Porque esas, en mi opinión, son las principales funciones que los ríos han desempeñado en la historia del género humano. Como decía más arriba, este libro trata de explorar un nuevo camino, abordando el pasado desde una perspectiva que nunca se había adoptado, situando a los ríos en el centro de los procesos históricos y reflexionando sobre el papel que han desempeñado en ellos. Lo hace, sin embargo, como usted bien señala, evitando de modo consciente adoptar una narrativa lineal, el bastidor habitual sobre el que se tejen los libros de historia. Habría sido lo más sencillo, lo que, probablemente, la gran mayoría de los lectores habría esperado encontrar en estas páginas. Pero habría sido también, o al menos eso creo, lo más arriesgado, pues el papel de los ríos podría haber quedado desdibujado, desvaído entre las innumerables pinceladas necesarias para dar forma al barroco paisaje del pasado. Para evitarlo, he optado por escoger las principales funciones que las corrientes fluviales han desempeñado en su relación con las sociedades humanas y hacer un recorrido histórico por cada una de ellas.

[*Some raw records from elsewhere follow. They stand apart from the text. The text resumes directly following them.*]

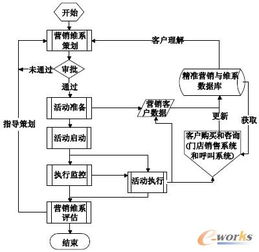 智鏈未來 構(gòu)建面向零售業(yè)的精準(zhǔn)營銷與客戶維系系統(tǒng)策劃方案
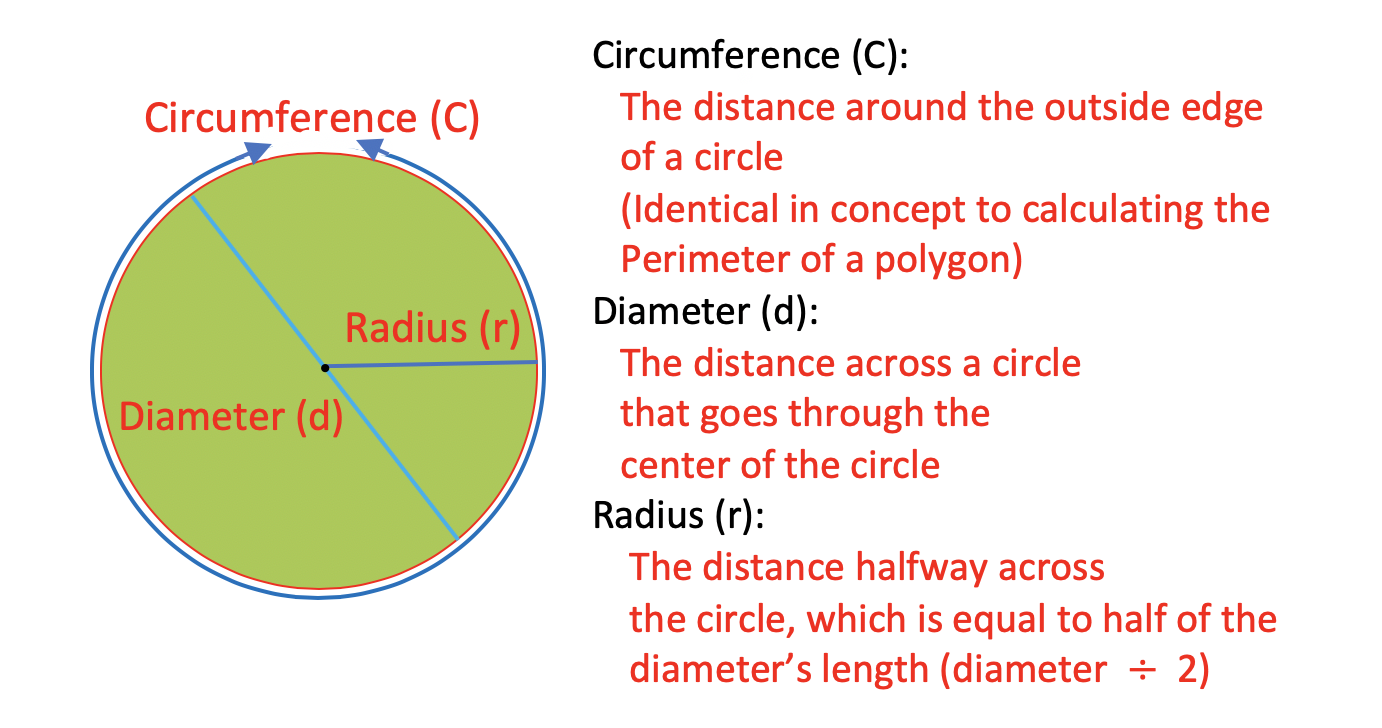 What Is The Diameter Of A 2 5 Inch Circle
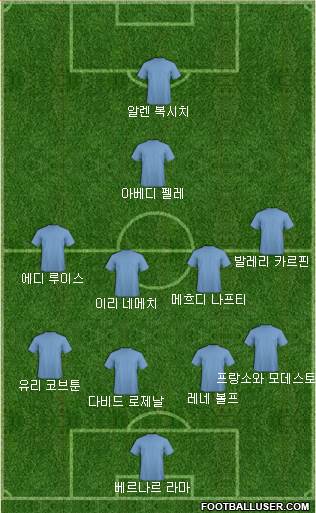Dream Team Formation 2019
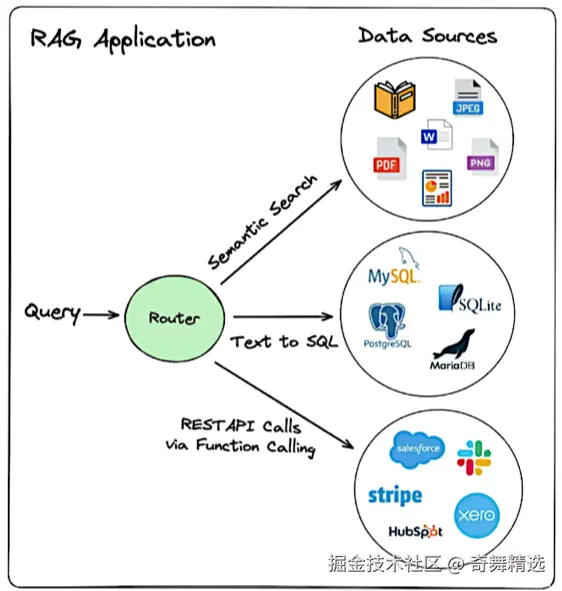 截屏2024-08-12 15.09.26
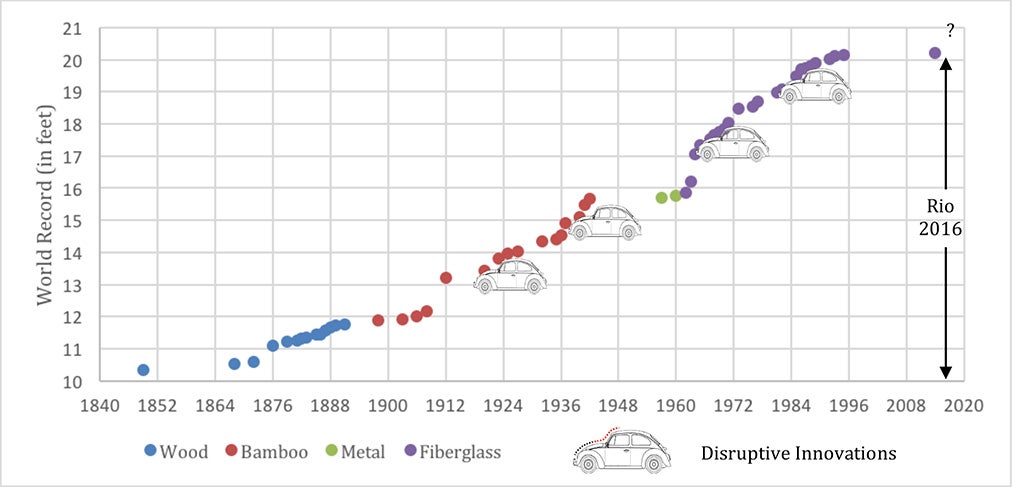 Exhibit 5: Technology and Product Innovation S-Curves Graph of pole vault s-curves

El último capítulo es especialmente poético, porque en él he reunido mitos y religiones asociadas a los ríos en distintas partes del mundo que, a la vez que revelan su importancia para las culturas que les dieron forma, muestran también la importancia del mito como fuente histórica. Algunos de esos mitos, como los asociados a la diosa Oshun, que da su nombre a un pequeño río nigeriano, son, además, de una gran belleza y creo que valía la pena contarlos. El pueblo maorí, en este contexto, es el mejor ejemplo de la forma en que los antiguos cazadores recolectores entendían el mundo. Ko au te awa, ko te awa ko au, en español «Yo soy el río y el río es yo», es un proverbio tradicional maorí que transmite la visión del mundo como un todo vivo del que todos formamos parte y que, por ello, debemos cuidar, porque al hacerlo, nos cuidamos a nosotros mismos. Esta concepción posee una belleza extraordinaria. Los maoríes siempre han considerado los ríos, las montañas y los bosques como seres vivos, entes sagrados que merecen respeto y veneración, y no meros recursos de los que disponer a su antojo, sin limitación alguna, como ha sostenido, en la teoría, y más aún en la práctica, la visión prometeica propia de la civilización europea. Es la idea fundamental del whakapapa, el principio sobre el que reposa la concepción maorí del orden cósmico, que entiende Te Taiao, la Tierra, en relación de íntimo parentesco con el hombre. Este parentesco, whanaungatanga en lengua maorí, no abarca tan solo los lazos familiares entre personas vivas, sino una red mucho más amplia de relaciones entre las personas, vivas y muertas, la tierra, el agua, los animales y las plantas, y, por supuesto, el mundo espiritual de los atua, los espíritus, vinculado todo ello a través de la whakapapa. En este sistema de pensamiento, el mauri, la fuerza vital de un ser, se encuentra ligado íntimamente al mauri de todos los demás seres con los que está relacionado, humanos y no humanos. Esta ligazón implica en la práctica una serie de deberes recíprocos de nutrición y cuidado que se denominan kaitiakitanga. En consecuencia, los seres humanos están obligados a cuidar al río, preservar su salud y atender todas sus necesidades, como él los cuida a ellos. ¿No es cierto que tenemos mucho que aprender de esta concepción del mundo?